30 Avr SÉDUIRE SON PUBLIC ?
La Marquise : Il me semble que, depuis quelques semaines, vous êtes un peu distrait, me trompe-je ?
Moi : Vous ne vous trompez pas du tout. Pour tout vous dire, je suis préoccupé par une conférence que je vais donner samedi prochain à l’autre bout du monde, à Tbilissi en Géorgie.
La Marquise : Dans le Caucase ? Merveilleux ! Le pays de Prométhée et de Médée !
Moi : Exactement ! Et je me ronge les sangs pour trouver une formule d’introduction qui puisse flatter mes auditeurs — des profs et des étudiants de la grande université de là-bas.
La Marquise : Quel est le sujet de cette conférence ?
Moi : « Humanisme et religion, une histoire fratricide »
La Marquise : Sujet brûlant, avec Érasme à la clé, et l’Inquisition, je parie ?
Moi : Absolument ! Mais ce sera inévitablement un peu érudit.
La Marquise : Et quelle formule avez-vous trouvée pour les amadouer ?
Moi : Au détour d’un livre sur la littérature géorgienne, j’ai découvert un proverbe de chez eux qui dit : « Le Diable occupe les églises abandonnées ».
La Marquise : Joli, en effet, et en plein dans le sujet. Comment comptez-vous l’utiliser ?
Moi : Je crois que je vais le dire en géorgien, à la fin de mon spitche. C’est quelque chose dans le genre : Oupatrono eklesias eshmaki daepatroneno.

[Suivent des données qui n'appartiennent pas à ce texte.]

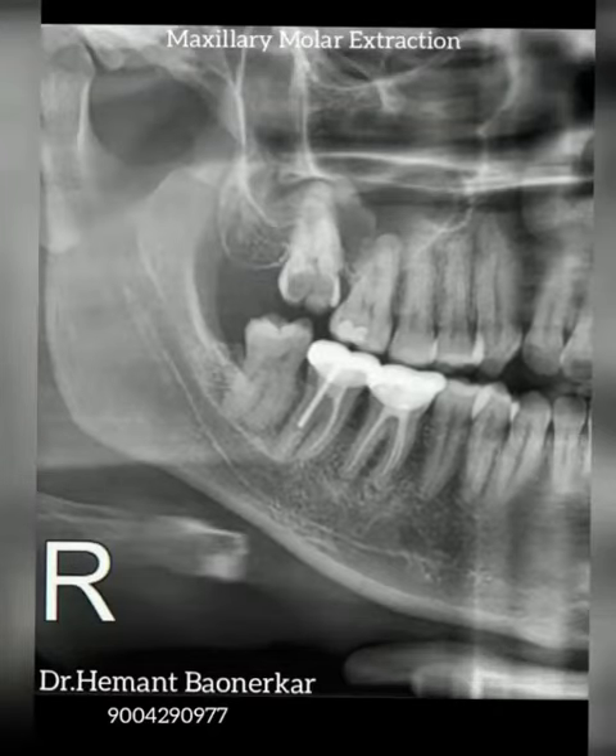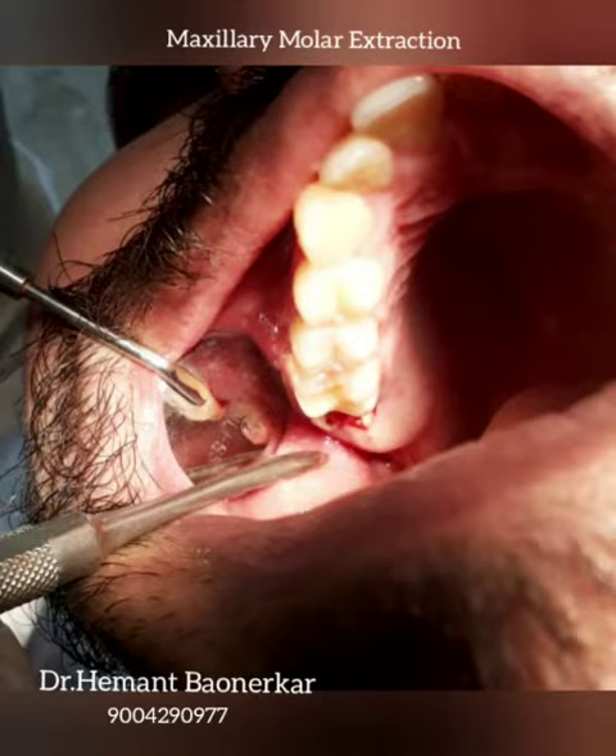Hello friends, now we are going to see how to extract a maxillary molar tooth. Give attention to the radiograph — the maxillary molar is very close to the maxillary sinus. This is a clinical picture of the second molar tooth.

La Marquise : Alors, bonne chance ! Vous nous raconterez au retour comment s’est passée la séance ?
Moi : Bien sûr, sans faute ! Je reviens le 11 mai.
La Marquise : Une dernière question : Qui est ce vieux monsieur d’un autre siècle, avec son air débonnaire ?

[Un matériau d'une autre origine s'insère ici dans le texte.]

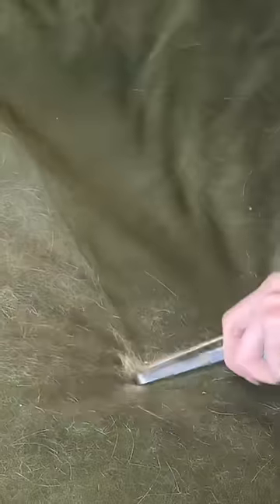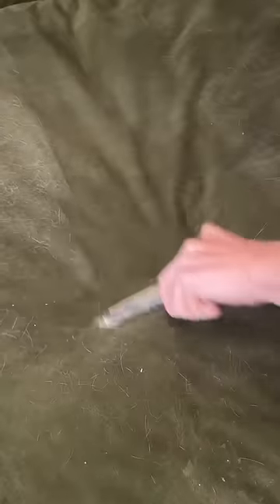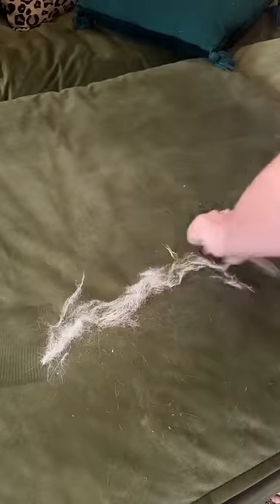You will pull all the hair off of any fabric that you have with these little tiny metal pieces. This is literally after only two days what I'm pulling off of this one piece, because he loves to sit here day and night. Each time I use this, I only have to do it for about a minute or two, and it pulls this much off.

Moi : C’est Ilia Tchavtchavadzé, le grand écrivain dont l’université porte le nom. Il a été assassiné en 1907 et l’immonde Béria a organisé des cérémonies grandioses pour le centenaire de sa naissance en 1937.
La Marquise : Je me suis laissé dire qu’il avait été canonisé par l’Église géorgienne en 1987. N’est-ce pas paradoxal ?
Moi : C’est le moins qu’on puisse dire. Mais c’est une autre histoire.